After the verdict, Leavitt called that ruling “totally erroneous.”

“It’s extremely frightening that an attorney can arrange an adoption in California and have a court 2,000 miles away tell a jury five years after the fact that all kinds of laws are involved that no one has ever heard of,” he said. “It’s extreme and unexpected and unjustified.”

Leavitt said he is not insured against a damages claim. He said he and the Conatys will appeal.

Testimony in the trial spun out like a Southern gothic romance novel as members of two prominent and intensely private families were forced to relate a tale of chastity, reluctant sex, a surprise pregnancy, betrayal and ultimately a cross-country pursuit. Throughout the proceedings, the stern visage of Conaty’s late uncle has stared down from a portrait gallery of judges on the wall; the courtroom was his for eight years.

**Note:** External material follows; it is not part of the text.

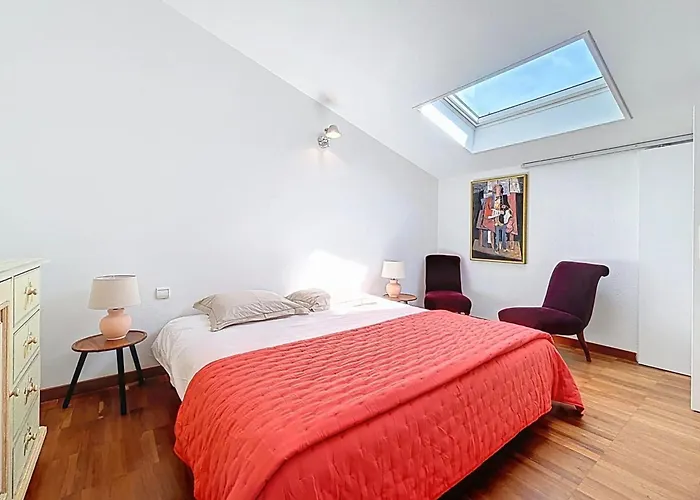 Cap Dantibes Duplex Terraces & Nearby *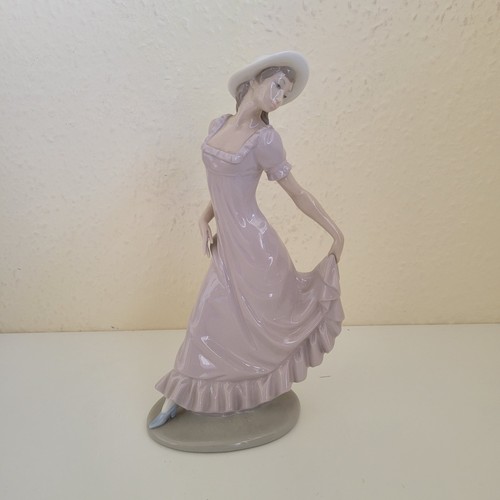 Nao lladro elegant lady - nao,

Conaty, then 31, is alleged to have skipped around the country for seven months in 1991 while pregnant to evade her former fiance Kessel and a summons to appear in a West Virginia court hearing on his paternity suit. She gave birth in Los Angeles in July, 1991, under an assumed name. She then allowed the baby to be adopted by an Edmonton couple.

Kessel, then 35, alleged that the Conaty family and Leavitt knew that he wanted to raise the unborn child if his ex-girlfriend did not. After fruitless attempts to negotiate or reconcile with her, he obtained a temporary injunction to prevent an adoption until his paternity suit was resolved.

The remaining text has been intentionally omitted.